May 27, 2021 | Data Heroes
Susan Walsh, Founder at The Classification Guru Ltd.
Make sure the data has it’s coat on!
"Make sure the data has it’s coat on!" Susan's idiom is all about data maintenance and highlights the importance of continued data quality management; to make sure it's always consistent, organized, accurate and trustworthy. In this episode of our The Data Heroes Podcast, Susan Walsh (Founder at The Classification Guru Ltd) gives tips about getting on top of your data issues through normalization, deduplication, segmentation and categorization.
"Ultimately, I want them to take back responsibility and ownership of their data and manage it." Susan talks about client challenges faced and how she trains teams to develop database health strategies to ensure data is always as actionable as possible. Susan discusses supplier normalisation, taxonomy development, and her upcoming book 'Between the Spreadsheets: Classifying and Fixing Dirty Data'.
"If you've never classified data in your life, you could pick it up, read it and follow the instructions in it and classify data!"

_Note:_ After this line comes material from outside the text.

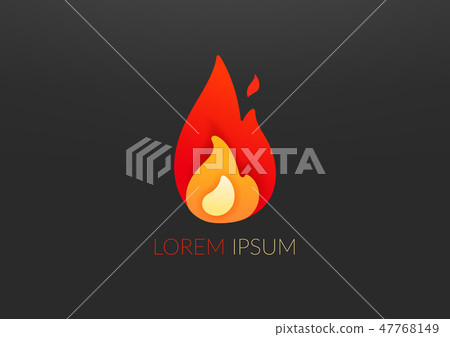 Vivid color warm flame. Logo template Vivid color warm flame. Logo template 47768149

The Value of Data Normalization
Dirty Data Challenges That Susan Solves.
"Well, the first thing is normalization of suppliers. I find that there are normally multiple versions of the same suppliers within a data set. So you've got a IBM, I.B.M, IBM Inc, IBM Limited, etc. There's just so many different versions. Because of this they don't even know how much they're spending with one supplier. You wouldn't know how much you were buying with one supplier. So how can you negotiate better rates and things like that? And secondly, visibility on spend. So what are you spending your money on? How much in IT? How much in HR? How much in professional services and facilities? They don't know. And so, within a matter of weeks I can give them that visibility. Which ultimately brings down cost savings and spots any fraudulent activity, any rogue spending, any spending off contract. Normally there's preferred suppliers that you have to buy certain items through and people just do the wrong thing. But if you don't have the information and the data, then it's very hard to control."
The Data Isn’t Right.
"My clients approach me for help because they're already in trouble. Maybe there's some project that has been delayed or can't happen because the data's not right. They're in a position where they're forced to have to pay for the service. Your team can absolutely do it, but they have a day job. So it could take you a year. I could do it in a few weeks. I'll do this day in, day out. So the accuracy and the consistency will be there. I say to my clients, ‘the cost of my fees, even if it's saved you 1% of your gross turnover, you would still more than make your money back’. You have to talk to them in a way that they can relate to. Talking to a senior decision maker about how they're spending hours fixing their spreadsheets isn’t going to relate, because they've never had to do that. If I say to them, ‘the analytics that you've been receiving every month with your monthly reporting have been wrong for the past 12 months, because your data is not right. And you've been making decisions on that.’ then they're probably going to listen a bit more."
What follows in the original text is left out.